Até porque tínhamos de estar aptos para a noite nas discotecas da cidade, isto para os mais novos. Os mais velhos depois das comprinhas de lembranças para a família, ficavam a bordo na cavaqueira e a beber um copito. Depois cama, descansadinhos a sonhar com o regresso cheios de saudades.
O leitor pode perguntar: - Então, nunca cortavam o cabelo?
Alguns nunca cortavam o cabelo nem as barbas - muitas vezes por promessa - outros sim. Havia sempre um barbeiro improvisado num dia de brisa quando não se arreavam os dóris. Então os que desejavam iam à tosquia. Tesourada por aqui, tesourada por ali e aí resultava um corte de cabelo à marinheiro.

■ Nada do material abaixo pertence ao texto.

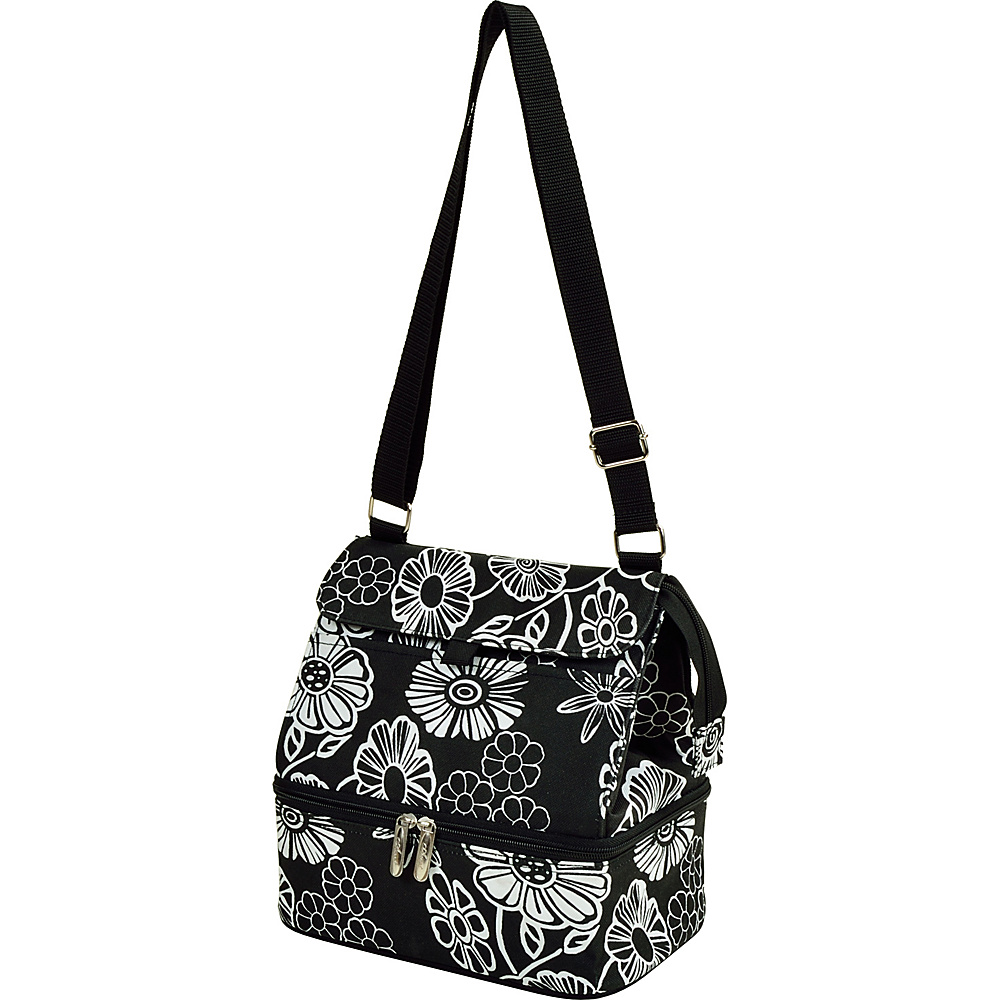 Picnic at Ascot Fashion Insulated Lunch Bag Two Section w Shoulder Strap Night Bloom Picnic at Ascot Travel Coolers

De regresso a Portugal, os trabalhos de limpeza do navio e dos dóris, o ensacamento das roupas no grande saco de lona dos pescadores. A água deixava de ser racionada. Todos cuidavam mais da sua higiene pessoal e vestidos com o melhor que levavam chegavam para abraçar a família e os amigos que os esperavam sem sinais de tudo quanto tinham passado. Para trás ficava tudo como um sonho. Os primeiros dias da chegada eram de novidade. Um renascer para a civilização.